One of the most common causes of mediocrity is the sense of comfort and contentment we feel when others express satisfaction with our work. While elements such as a happy client, a pleased customer, a proud parent, an impressed mentor, or a thrilled audience may be useful for gauging progress in certain contexts, it doesn’t tell the whole story. Being exceptional at doing what the world demands of you (assuming you’ve agreed to those demands) is only half of what it takes to be great. The other half is what you demand of yourself.
One of the most self-defeating fallacies is the notion that other people—especially the ones we respect–are knowledgeable enough to see our full potential, committed enough to demand that we fulfill it, and privy enough to recognize when we’ve done so.
Here’s the harsh reality: If you remain the same person for the next 2-3 years, most people won’t care. Most people don’t need to see improvements in your income, intelligence, or overall sense of well-being. Most people’s expectations for you are based on their own needs. As long as you give them what they want from you and as long as you don’t make their lives worse, you’ll be fine in their eyes.
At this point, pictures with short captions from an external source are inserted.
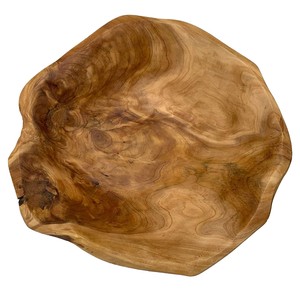 Bol en bois d'acajou fait main avec bord torsadé - Vente en gros depuis l'Inde - Product Image 3
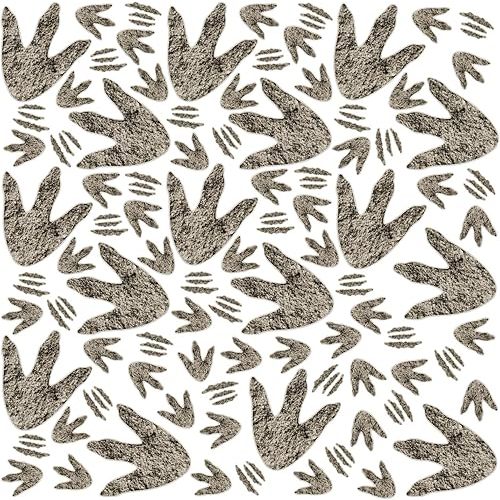 180 Pcs Dinosaur Footprints for Floor Dinosaur Halloween Decoration Realistic Dino Footprints Wall Decals for Kids Classroom Dino Decor School Playroom Baby Nursery Bedroom Home(3 Sizes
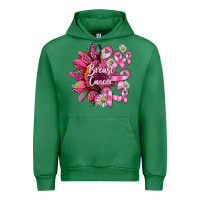 Emerald breast cancer sunflower Urban Hoodie - BarkalooDesign
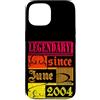 Lustiger Geburtstagsspruch zum 22. Gebur Custodia per iPhone 15 22° Compleanno Leggendario dal Giugno 2004 Anno Retro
I have a friend who wants to be a movie star, but for now he works in a grocery store. I don’t need him to be in a movie in order for me to sleep soundly at night. If he’s still working in a grocery store in five years, he’ll still be my friend and I won’t be let down. It’s not that I don’t believe in him. It’s just that I have no idea what to expect from his life. While I wish him the best, I’m mostly concerned with two things: 1) that he continues to meet my expectations of a good friend and 2) that he’s healthy, alive, and relatively happy. Do you care about my friend’s movie aspirations? Probably not. If he fails to succeed, it’s doubtful that you’ll say “Oh no, T.K.’s friend was the next Brad Pitt and he never succeeded. What a tragedy!”
The world didn’t need Mark Zuckerberg to deliver Facebook because the world had no concept of Facebook before it was delivered. If Mark Zuckerberg had failed to create Facebook, we wouldn’t be sitting around bemoaning the fact that he never became the successful entrepreneur we now know him to be. We would just look at him as another person or we wouldn’t think about him at all.
That”s exactly how most people see your potential.
Most people have no idea what you’re capable of. Most people don’t sit around thinking about how far your potential reaches. Most people are just focused on what you’re doing for them based on their own needs rather than an assessment of what you’re truly capable of creating.
People can’t demand or expect something from you if they have no idea what to expect. Sometimes you have to push yourself to be, do, and have things that nobody expects before they can see it, appreciate it, and respect it.
Much of your potential lies hidden in a realm where the rest of the world doesn’t even have the ability to look: your own imagination.
Can you imagine greater possibilities for your life than the ones other people are willing to accept?
Don’t underestimate your ability to surprise people with unexpected effort, unexpected innovation, and unexpected ambition. Beyond the good opinion of others, there lies a superior version of yourself. When people are impressed with you, say “thanks” but don’t stop there. Keep working, keep creating, keep developing your potential, keep honing your skills, keep mastering your craft, keep trying new things, and keep pushing yourself to live up to the standards of your own conscience. Have enough self-love to appreciate people’s acceptance of where you currently are, but develop enough self-respect to hold yourself accountable to the higher standard of becoming the person you know you’re truly capable of becoming.